O mar é a grande oficina da liberdade. Onde quere que deitem as suas redes ou mergulhem as suas linhas, os que dele vivem e nele morrem, nunca ouvem: — "Alto! Isto pertence-me !" O — "é meu" — não se diz no mar. O mar é de todos. Não tem leis, nem balizas.

O pesqueiro que hontem foi farto, hoje está deserto. Vamos que o mar é largo e lá em baixo reina a abundancia!

Emigram as especies marinhas, veem outras novas; a tempestade afugenta e mata os pescadores, logo a bonança os alicia e favorece. É assim o mar, onde tudo é mudavel e transitorio e só constantes a sua infinita vastidão e deslumbrante riqueza. E mais — o seu augusto misterio...

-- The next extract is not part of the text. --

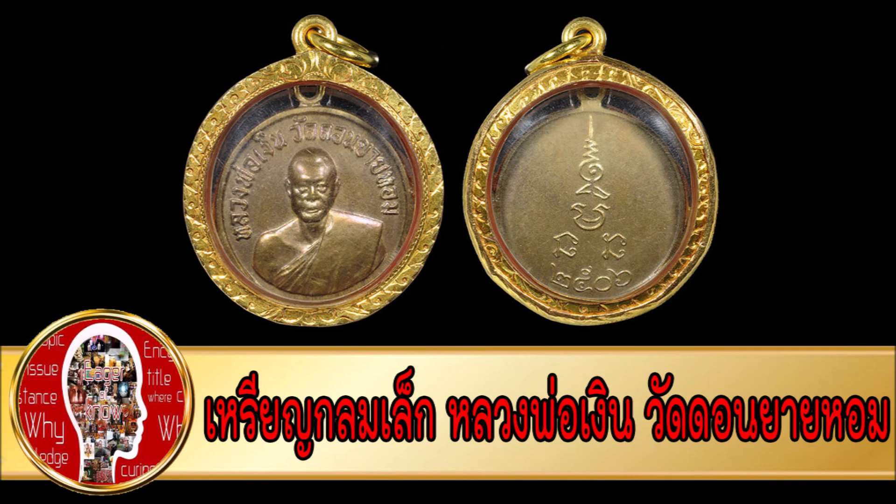เหลียนกมเล็กหลวงพ่อเงิน วัดดอนยายหอม สร้างขึ้นในปีพุทธศักราช 2506 เพื่อแจกสมนาคุณแก่ผู้ที่บริจาคทรัพย์สมทบทุนสร้างถาวรวัตถุต่างๆ ลักษณะเป็นเหลียนปั้ม ลูกกม มีขนาดเส้นผ่าศูนย์กลางประมาณ 2 เซนติเมตร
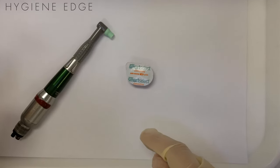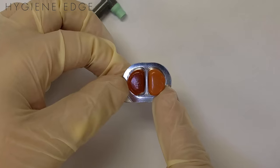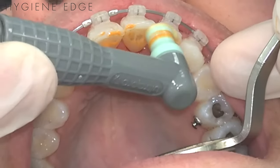This is a new product — it's been around for a little bit — it's made by Young Dental and it's called Smart Select Paste. It's pretty cool because the lighter side is a fine paste and the other is a coarser paste, so you can be more selective with polishing of your patient.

Que o mar tem indefinidas, espirituais influencias nos seres e nas almas, sobretudo — nas ideias. É um eterno gerador de beleza e pira onde arde constante o foge da liberdade. Até onde chegam as suas emanaçães sadias, a vida tem uma agitação promissora. Os continentes que o mar penetra e recorta são os mais progressivos, aqueles onde as ideias dc liberdade florescem com mais pujança. Exemplos? Olhemos para, o mapa do mundo.

O mar é o simbolo da Revolta e da Pureza. Não ha dejecto que o manche, nem obstaculo que não derrube.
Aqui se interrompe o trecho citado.